ID: Emily (Fairfield) Duncan autobiography, page 11
In Napa I first started to school. Always ambitious for her children, my mother sought the best for us and May was entered in the preparatory department of Napa College while I accompanied her to the kindergarten connected with the same school. How I loved the pretty colored papers, the gay beads and the wools which we were taught to fashion into mats and woven pictures. But our affairs did not prosper. Papa failed to find permanent employment and soon we moved to the other side of town - away from the college and here I entered the South Public School in the lowest grade, then called the eighth. The house we rented faced one side of a public square called "the Common." Here the boys of the neighborhood played ball and cows belonging to the neighbors were tied out to feed. We had a large lot surrounded by large acacia trees. Just across the Common was the school house and on another side was a two-story house behind a row of old pine trees where lived a family by the name of Duncan. Ruth was a class or two above me in school but I sometimes went over to her house to play after school. She was a quiet, gentle girl with large brown eyes. I admired her very much but was quick to run and hide if her big brother Frank came home from school while I was there. I thought he looked terribly cross and was quite afraid of him!
While we were living in this house, Papa was called suddenly to Eureka by the death of Uncle Charlie, whose business was left in a very muddled state.
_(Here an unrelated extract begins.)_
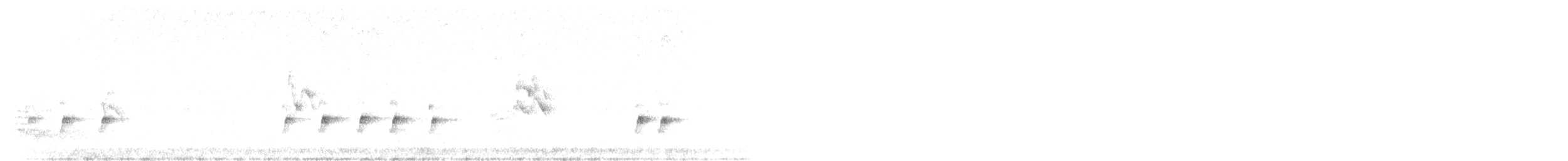 Шишкар ялиновий - ML613012789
He had still been running the boarding place but had expanded it into an amusement resort called" South Park" and had gradually added a race track with boarding stables, a base ball field, a roller skating rink, a rifle range, and open air band stand. he was not a good business manager, however, and at the time of his death, the debts were overwhelming. So Papa left us in Napa and went to Eureka to try to salvage something from the estate.
It must have been a thin time at home. Mamma and the older children planted a vegetable garden and with a cow, we eked out a living. May took up a sewing machine agency, but was not very successful. During the fruit season she found work in an apple drying plant and there met and became engaged to Gilmore Duncan, although she was only sixteen years old. Despairing of settling Uncle Charlie's estate in a reasonable length of time, Papa at last sent for us to join him in Eureka and we went to live at South Park. How poor Mamma hated the place. Papa was still keeping it going, trying to make it pay until it could be disposed of and the debts liquidated. We had baseball Sundays and holidays, races with the attendant betting and drinking, and all the noisy, boisterous crowds who frequent such a place. Our living quarters were directly behind the saloon, just a hall between, and it had been the custom for "ladies" to be served in our parlor. This was very distressing to Mamma who could only try to keep her children away from it all, as much as possible. The place was still a men's boarding house and kitchen help was kept to do the cooking. We had a half-breed Indian girl and Mamma was terribly worried when May showed a tendency to treat her as a friend and equal.